Habitat Green reported a deduction of $19.1 million, Green Creek deducted $19.63 million and Turtle River deducted $28.5 million. The IRS denied all deductions.

A deduction for a conservation easement is permitted under Sec. 170(h)(1) for a restriction granted in perpetuity of a qualified real property interest to a qualified organization. The deed must make provision for the potential judicial extinguishment of the interest. Regulation 1.170A–14(g)(6)(i) states that in the event of a judicial extinguishment, the donee must receive "a fair market value that is at least equal to the proportionate value that the perpetual conservation restriction at the time of the gift bears to the value of the property as a whole.”

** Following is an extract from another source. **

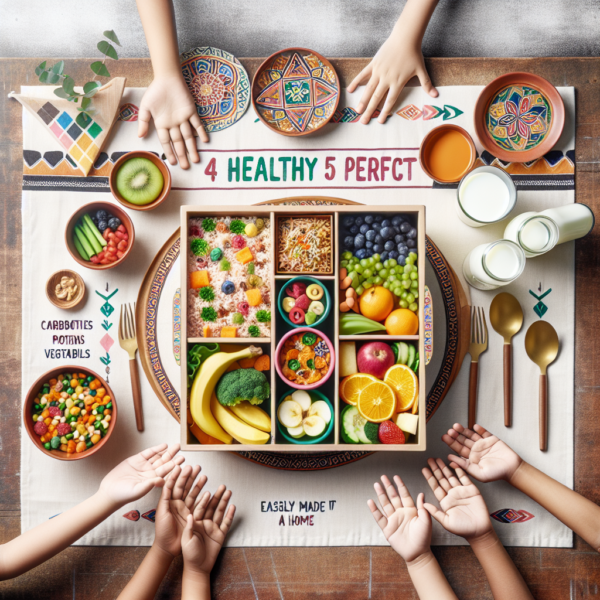 Ide Bekal Sekolah: Makanan 4 Sehat 5 Sempurna yang Mudah Dibuat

The IRS contended that the deed failed this standard because it did not “allow the Grantee” a share of proceeds that are attributable to post–gift improvements. The taxpayer contended that the regulation was not valid.

The Tax Court noted that the regulation had been reviewed in other cases and was valid in that it stated "the value of post–easement improvements may not be subtracted out of the proceeds before determining the donee's proportionate share."

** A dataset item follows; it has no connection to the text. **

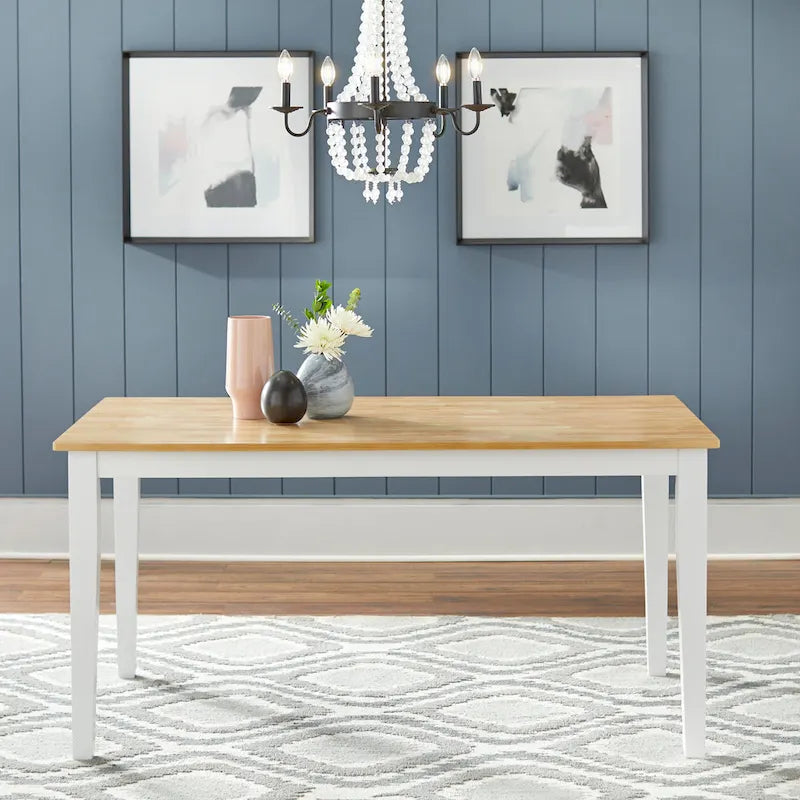Simple Living Tiffany 6-piece Dining Set with Dining Bench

The taxpayer contended that this provision did not change the value of the easement, but the IRS noted that the question was not the value of the easement, but the total value of the property in the event of extinguishment. Therefore, the charitable deduction was denied.

Conservation Easement Deduction Denied

In Charles W. Harris et ux. v. Commissioner; No. 24201-15 (2020), the Tax Court denied a conservation easement deduction.

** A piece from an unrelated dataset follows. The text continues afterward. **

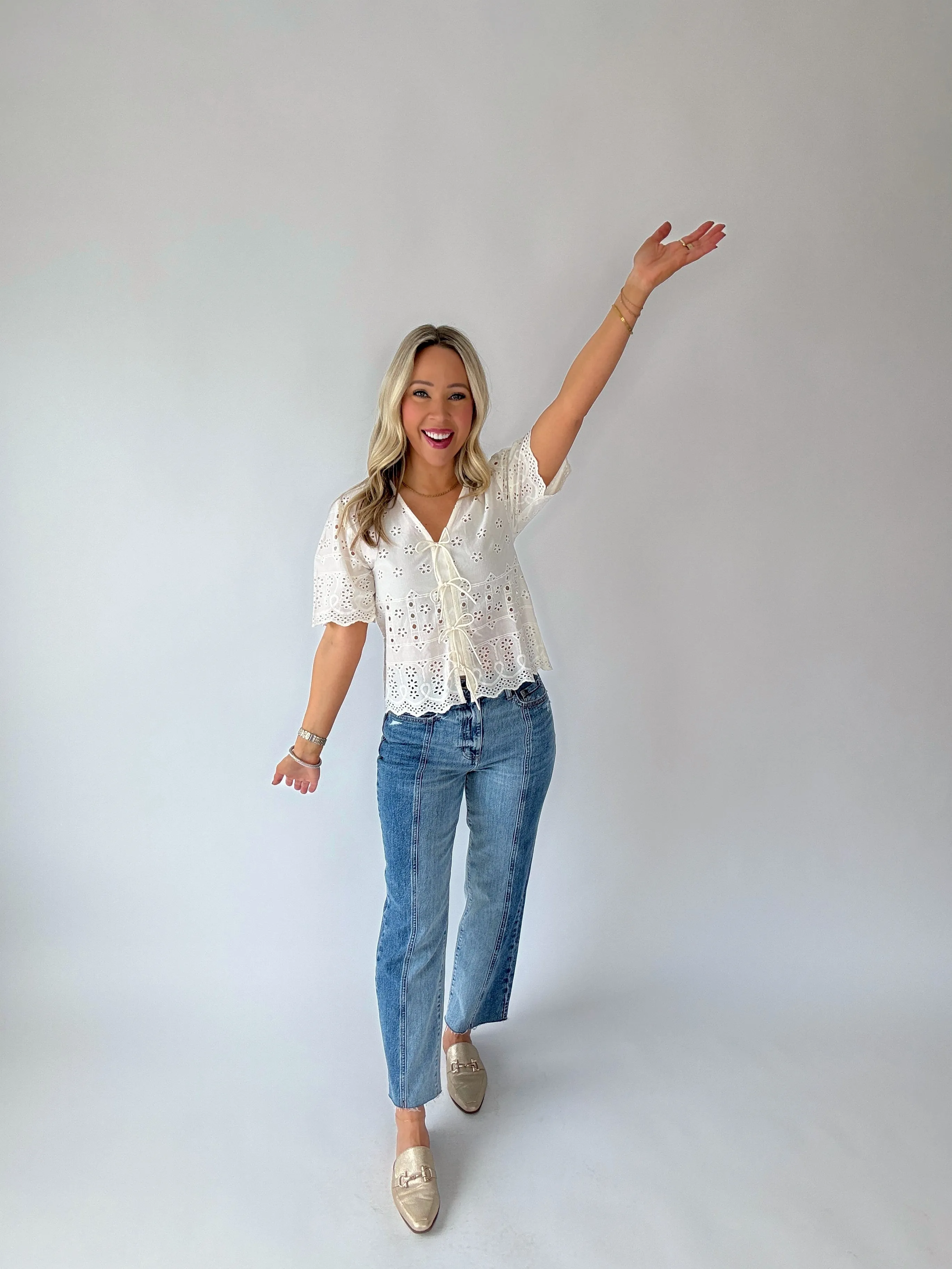 Azra Blouse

Taxpayers owned approximately 132 acres in Columbus, North Carolina. In December of 2007, the taxpayers donated an easement on 95 acres to Pacolet Area Conservancy, Inc. ("PAC"). The deed allocated 72 acres to the "Natural Area" and 23 acres were set aside for potential development. The IRS initially objected to the permitted boundary modifications for the reserved areas. The IRS also objected to a provision in the deed. If the conservation easement were extinguished, the nonprofit receives "a fair market value equal to the proportionate value that the Conservation Easement bears to the value of the Protected Property as a whole (minus any increase in value after the date of this grant attributable to improvements)."

The taxpayers obtained an appraised value for the deduction of $1,327,000. They reported this deduction for years 2007 and 2008 and carried forward part of the deduction to years, 2009, 2010 and 2011. Taxpayers also carried back an excess deduction to year 2004. The IRS denied the deductions for 2009, 2010, 2011 and the carry back to 2004.

A conservation easement deduction is permitted under Sec. 170(f)(3) if a "qualified conservation contribution" is made of a "qualified real property interest" to a "qualified organization."

The restriction must be granted in perpetuity. If there were a judicial extinguishment of the easement, the nonprofit must receive "a fair market value that is at least equal to the proportionate value that the perpetual conservation restriction at the time of the gift bears to the value of the property as a whole at that time.”

The court notes that this ratio must be unchanged from the date of contribution to the date of extinguishment. Because the deed subtracts the value of improvements from the amount allocated to the nonprofit under the extinguishment provision, the easement is not protected in perpetuity and the deduction was denied.

Applicable Federal Rate of 0.6% for July -- Rev. Rul. 2020-14; 2020-28 IRB 1 (15 June 2020)

The IRS has announced the Applicable Federal Rate (AFR) for July of 2020. The AFR under Section 7520 for the month of July is 0.6%. The rates for June of 0.6% or May of 0.8% also may be used. The highest AFR is beneficial for charitable deductions of remainder interests. The lowest AFR is best for lead trusts and life estate reserved agreements. With a gift annuity, if the annuitant desires greater tax-free payments the lowest AFR is preferable. During 2020, pooled income funds in existence less than three tax years must use a 2.2% deemed rate of return.